The ultimate target of the joint project is to provide a cost-effective buffer material to enable fabrication of gallium nitride (GaN) devices on silicon substrates. Fabricating GaN light emitting diodes (LEDs) and power devices on large diameter silicon wafers is viewed as a path to improve performance and reduce cost, thereby increasing commercial acceptance of these devices; however, existing buffer layers used to bridge the large thermal and lattice mismatch between silicon and GaN are costly and not completely effective for large scale production.
A 3C-SiC film provides an effective buffer layer lattice-matched for GaN growth on silicon, as well as an impervious barrier to prevent silicon from diffusing into GaN, of particular concern for power devices. Initial estimates are that the new SiC on silicon coating process in volume production would add no more than $25-35 to the cost of a silicon wafer, substantially increasing the appeal of silicon as a substrate for LEDs and GaN power devices.
“We believe we are the first in the world to grow 3C-SiC epitaxially on 300mm silicon wafers, which means following the same crystal structure as the silicon crystal substrate,” said Alan Iacopi, QMF Director of Operations. “The reactor development project with SPTS has allowed the QMF R&D process to be extended from small wafers up to 300mm wafers with semiconductor industry specifications; in fact, we have already achieved SiC film thickness uniformities of around 1% on 300mm wafers using the new reactor.”

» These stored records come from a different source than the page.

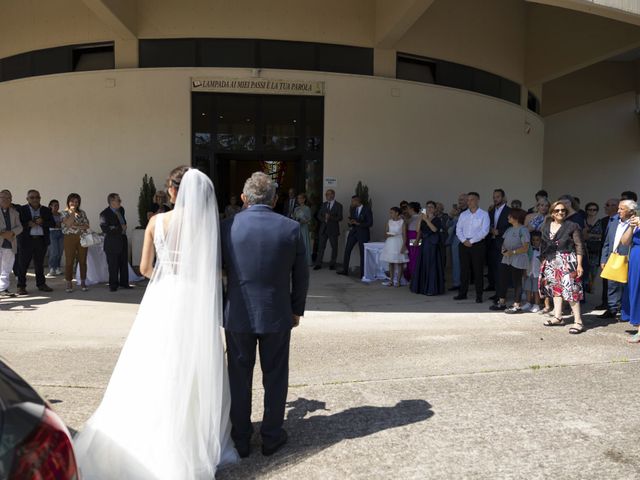 Il matrimonio di Mwaba e Lorenzo a Città Sant&apos;Angelo, Pescara 47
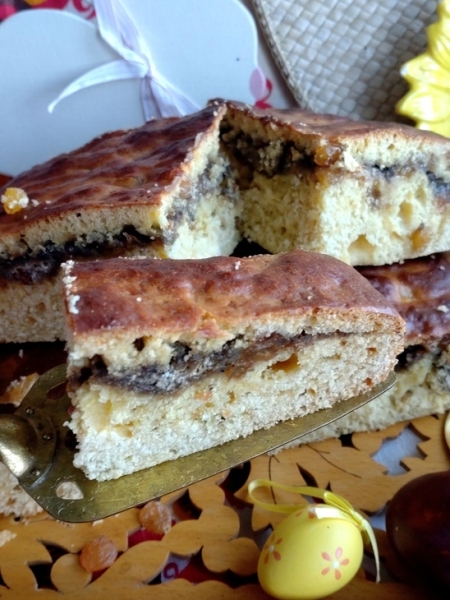 Пирог с халвой как кулич Пирог с халвой как кулич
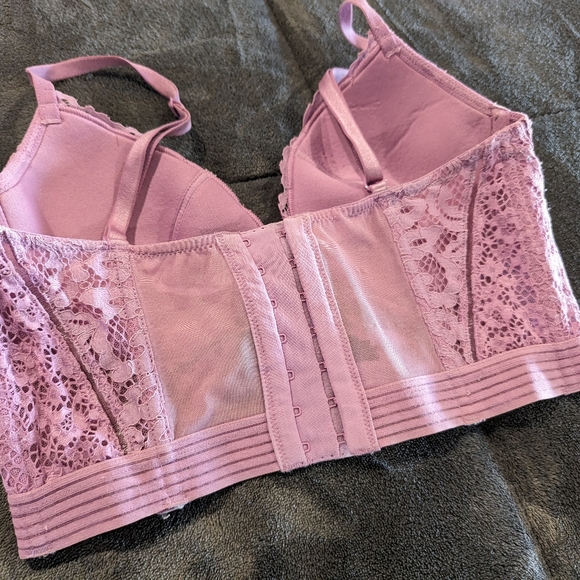 Victoria's Secret Lace Underwire Bra Lined Plunge 32D - Picture 2 of 2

“SPTS is excited to be a partner in this project, as we see the QMF SiC technology as a potential breakthrough in reducing the cost of LEDs and improving the performance of GaN power devices,” according to William Johnson, President and CEO of SPTS. “Based on our extensive background in vertical furnace technology, the new reactor has been designed for high temperature vacuum processing of batch loads of 150mm to 300mm wafers, with process automation suitable for commercial application. There are a number of buffer and template wafer suppliers offering alternative solutions; however, we see a strong business case for device manufacturers adopting the QMF/SPTS SiC solution to optimize process and control substrate costs.”
Added Mr Iacopi, “The Griffith University and SPTS partnership has far reaching implications in terms of demonstrating how Australian research entities (like QMF) can collaborate with international industry to advance frontier technologies and bring industrial benefit to Queensland. We have all the ingredients to develop a high tech economy in Queensland, including technically leading Universities, the Australian National Fabrication Facility infrastructure, entrepreneurial spirit, and start-up company investment support.”

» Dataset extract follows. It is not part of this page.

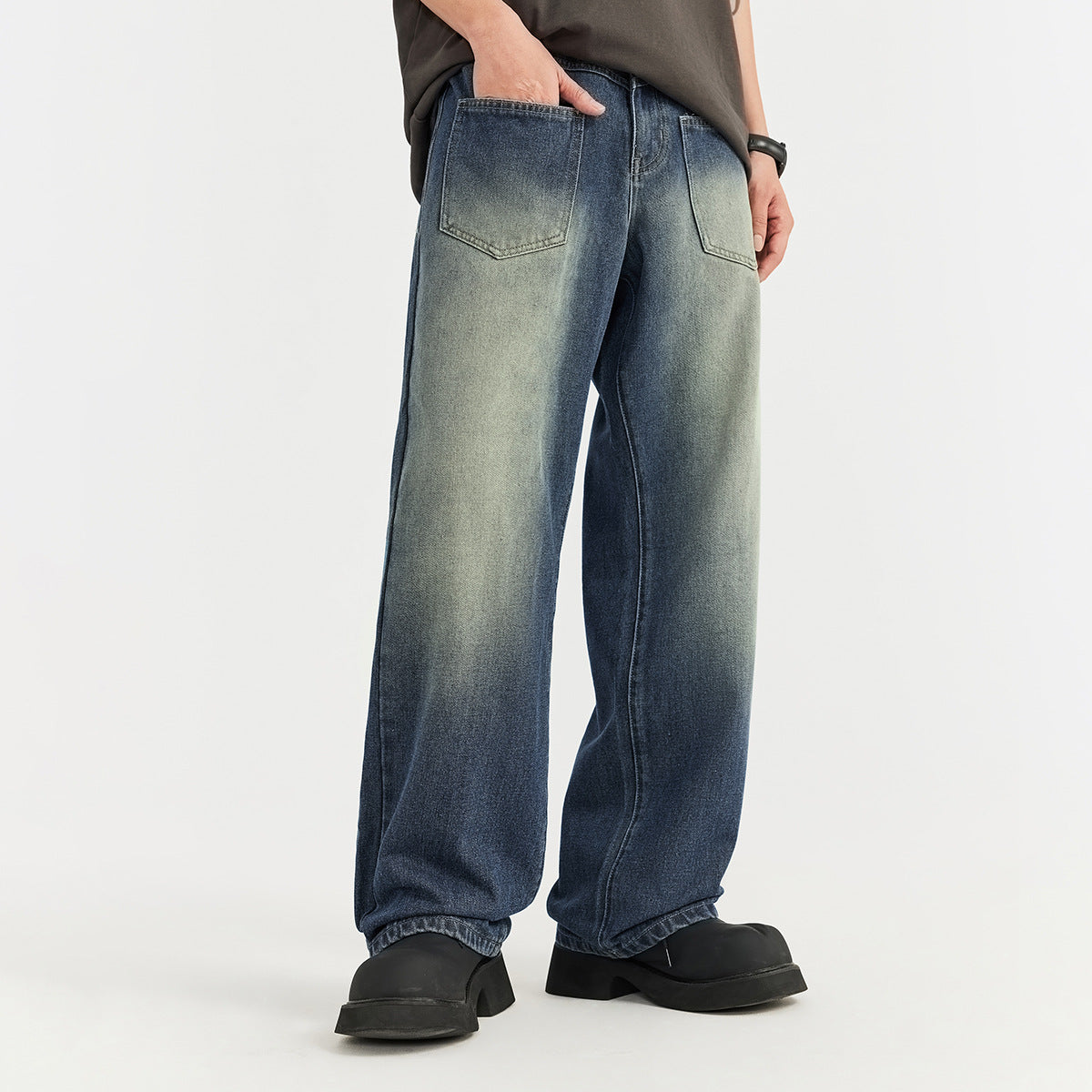 Wide-leg Jeans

About Griffith University Queensland Micro and Nanotechnology Centre
The Queensland Micro- and Nanotechnology Centre is a science and engineering research centre based at Griffith University. The Centre brings together researchers with expertise in materials development, sensing, microelectronic engineering and the fundamental theory of condensed matter. The Queensland Microtechnology Facility, within the QMNC, is focused on leading SiC on Si technology to commercialisation. Funded by Queensland State Government and Australia's National Fabrication Facility, it houses a large silicon wafer fabrication processing capability and enables research and development of SiC on Si material for mechanical and semiconductor devices.